(Items from a data source)
--- START ---
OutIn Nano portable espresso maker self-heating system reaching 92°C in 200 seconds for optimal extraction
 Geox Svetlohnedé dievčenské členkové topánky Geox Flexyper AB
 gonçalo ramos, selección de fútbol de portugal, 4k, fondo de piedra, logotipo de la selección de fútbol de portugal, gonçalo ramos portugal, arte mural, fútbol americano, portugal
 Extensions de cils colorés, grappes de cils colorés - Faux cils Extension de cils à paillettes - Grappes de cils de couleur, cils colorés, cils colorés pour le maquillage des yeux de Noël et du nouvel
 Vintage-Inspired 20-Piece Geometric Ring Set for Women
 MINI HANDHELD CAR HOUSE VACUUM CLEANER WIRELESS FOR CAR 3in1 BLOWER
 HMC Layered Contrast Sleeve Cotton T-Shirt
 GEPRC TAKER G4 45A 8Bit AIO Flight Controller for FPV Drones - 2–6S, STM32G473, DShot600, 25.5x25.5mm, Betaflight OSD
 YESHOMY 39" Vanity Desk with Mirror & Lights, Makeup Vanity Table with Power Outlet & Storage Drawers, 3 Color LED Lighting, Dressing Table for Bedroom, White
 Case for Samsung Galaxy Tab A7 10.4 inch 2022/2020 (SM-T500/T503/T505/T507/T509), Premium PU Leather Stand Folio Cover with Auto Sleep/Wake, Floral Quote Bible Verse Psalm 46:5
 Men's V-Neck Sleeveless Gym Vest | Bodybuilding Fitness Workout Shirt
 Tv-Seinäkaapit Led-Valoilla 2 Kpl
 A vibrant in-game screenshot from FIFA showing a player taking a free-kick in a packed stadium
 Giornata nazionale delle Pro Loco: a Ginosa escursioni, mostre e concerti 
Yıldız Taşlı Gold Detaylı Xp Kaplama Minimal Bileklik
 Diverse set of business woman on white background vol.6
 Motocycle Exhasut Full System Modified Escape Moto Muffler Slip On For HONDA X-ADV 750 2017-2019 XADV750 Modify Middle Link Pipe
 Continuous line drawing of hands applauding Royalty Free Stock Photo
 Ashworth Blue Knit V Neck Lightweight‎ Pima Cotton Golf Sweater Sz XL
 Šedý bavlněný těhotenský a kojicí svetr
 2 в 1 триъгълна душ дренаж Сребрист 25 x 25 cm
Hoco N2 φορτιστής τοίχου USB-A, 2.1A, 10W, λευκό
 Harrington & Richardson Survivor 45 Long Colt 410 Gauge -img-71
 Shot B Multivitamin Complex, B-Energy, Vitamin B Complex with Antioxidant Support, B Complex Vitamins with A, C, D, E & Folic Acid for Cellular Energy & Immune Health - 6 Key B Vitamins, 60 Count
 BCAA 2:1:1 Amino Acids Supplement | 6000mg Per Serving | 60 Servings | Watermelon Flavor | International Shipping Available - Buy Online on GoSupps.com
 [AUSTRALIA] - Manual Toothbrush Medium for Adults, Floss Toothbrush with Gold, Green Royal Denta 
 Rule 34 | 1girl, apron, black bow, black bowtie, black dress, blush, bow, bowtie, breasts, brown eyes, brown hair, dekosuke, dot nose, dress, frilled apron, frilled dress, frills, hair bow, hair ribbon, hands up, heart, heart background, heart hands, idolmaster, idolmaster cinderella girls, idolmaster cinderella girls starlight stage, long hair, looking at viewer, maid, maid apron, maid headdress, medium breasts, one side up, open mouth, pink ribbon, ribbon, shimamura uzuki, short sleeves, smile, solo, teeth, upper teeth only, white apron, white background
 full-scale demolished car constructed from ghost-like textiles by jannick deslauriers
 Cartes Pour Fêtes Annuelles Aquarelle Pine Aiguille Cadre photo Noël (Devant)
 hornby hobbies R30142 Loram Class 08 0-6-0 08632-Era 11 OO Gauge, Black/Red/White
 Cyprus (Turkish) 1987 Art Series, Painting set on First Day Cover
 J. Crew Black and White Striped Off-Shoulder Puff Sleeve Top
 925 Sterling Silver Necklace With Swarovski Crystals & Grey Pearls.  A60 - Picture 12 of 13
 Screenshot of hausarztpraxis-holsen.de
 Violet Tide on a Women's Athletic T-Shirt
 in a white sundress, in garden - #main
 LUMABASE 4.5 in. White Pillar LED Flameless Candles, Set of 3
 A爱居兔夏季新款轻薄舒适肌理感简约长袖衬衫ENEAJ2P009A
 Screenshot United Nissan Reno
--- END ---
# WHAT THE TASK REQUIRES
Wherever the string "Noël" appears in the data above, report the whole line.

# ANSWER SPACE
 Extensions de cils colorés, grappes de cils colorés - Faux cils Extension de cils à paillettes - Grappes de cils de couleur, cils colorés, cils colorés pour le maquillage des yeux de Noël et du nouvel
 Cartes Pour Fêtes Annuelles Aquarelle Pine Aiguille Cadre photo Noël (Devant)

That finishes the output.